In order to calculate the geodesic distance matrix, we use the eigenstrapping.geometry.geodesic_distmat()
function, which takes an input mesh:
>>> from eigenstrapping import datasets
>>> surf_lh, *_ = datasets.load_surface_examples(with_surface=True)
>>> surf_lh
'/mnt/eigenstrapping-data/surfaces/space-fsaverage_den-10k_hemi-lh_pial.surf.gii'
>>> # for our purposes, we won't use sksparse libraries, but to do so, we
>>> # pass `use_cholmod=True` to the function
>>> distmat_lh = geometry.geodesic_distmat(surf_lh, use_cholmod=False)
# eventually ...
>>> distmat_lh.shape
(10242, 10242)
>>> distmat_lh
array([[ 0. , 91.41330719, 73.28165436, ..., 184.62254333,
186.47727966, 187.92669678],
[ 91.41330719, 0. , 81.62067413, ..., 127.93047333,
129.78521729, 131.2346344 ],
[ 73.28165436, 81.62067413, 0. , ..., 114.22114563,
116.07588959, 117.52529907],
...,
[184.62254333, 127.93047333, 114.22114563, ..., 0. ,
2.80057883, 4.78903866],
[186.47727966, 129.78521729, 116.07588959, ..., 2.80057883,
0. , 1.98845983],
[187.92669678, 131.2346344 , 117.52529907, ..., 4.78903866,
1.98845983, 0. ]])
You can speed things up in the eigenstrapping.geometry.geodesic_distmat()
function by passing n_jobs=<number of workers>. For instance, to use eight threads,
you would pass n_jobs=8. To use every available thread, pass n_jobs=-1.
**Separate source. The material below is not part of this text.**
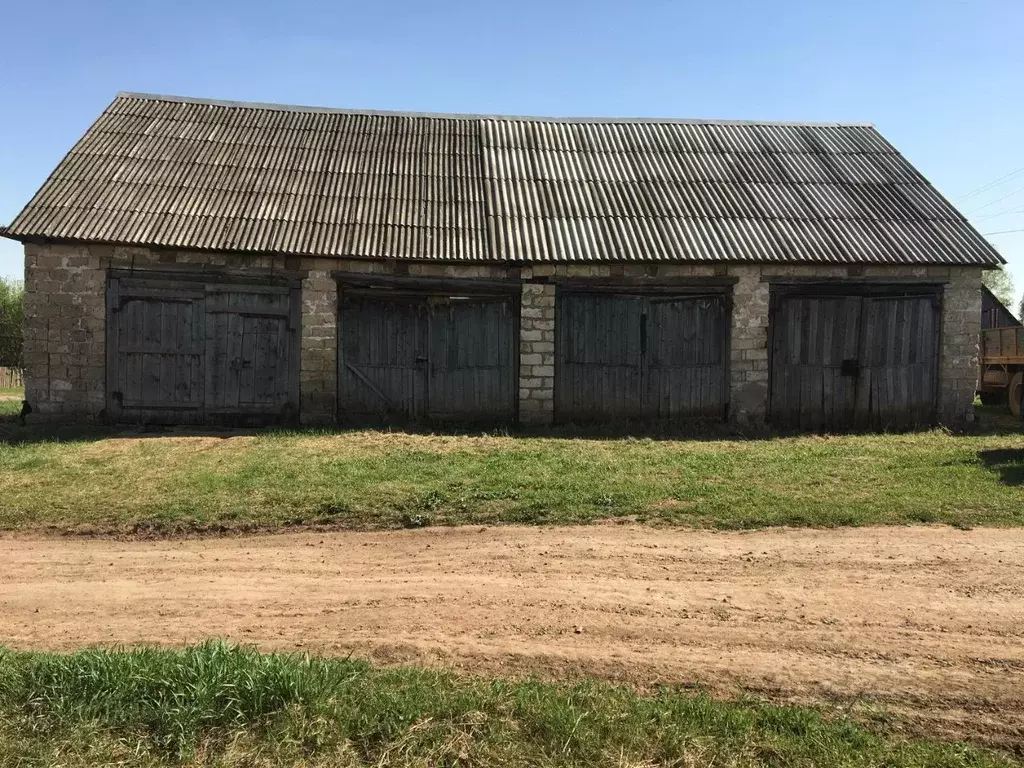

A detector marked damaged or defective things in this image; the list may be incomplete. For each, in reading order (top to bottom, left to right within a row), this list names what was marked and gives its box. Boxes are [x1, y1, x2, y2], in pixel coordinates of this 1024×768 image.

rusty corrugated sheet [4, 92, 1003, 268]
Euclidean distance calculation is performed in a similar way:
>>> distmat_lh = geometry.euclidean_distmat(mesh) # much quicker than geodesic
>>> distmat_lh.shape
(10242, 10242)
>>> distmat_lh
array([[ 0. , 54.72087326, 37.01728554, ..., 94.95060009,
93.16259385, 92.16275463],
[54.72087326, 0. , 61.99785175, ..., 98.85110323,
98.2701815 , 98.01616578],
[37.01728554, 61.99785175, 0. , ..., 78.64858645,
77.51088511, 77.12512891],
...,
[94.95060009, 98.85110323, 78.64858645, ..., 0. ,
2.80057878, 4.7547238 ],
[93.16259385, 98.2701815 , 77.51088511, ..., 2.80057878,
0. , 1.98845989],
[92.16275463, 98.01616578, 77.12512891, ..., 4.7547238 ,
1.98845989, 0. ]])
Notice the pronounced difference between the two methods. This is because the cortex is constructed as a 2D sheet (basically the surface of a sphere), so it is not advisable to use Euclidean distance calculations. For the subcortical volumes, you would use the Euclidean distance.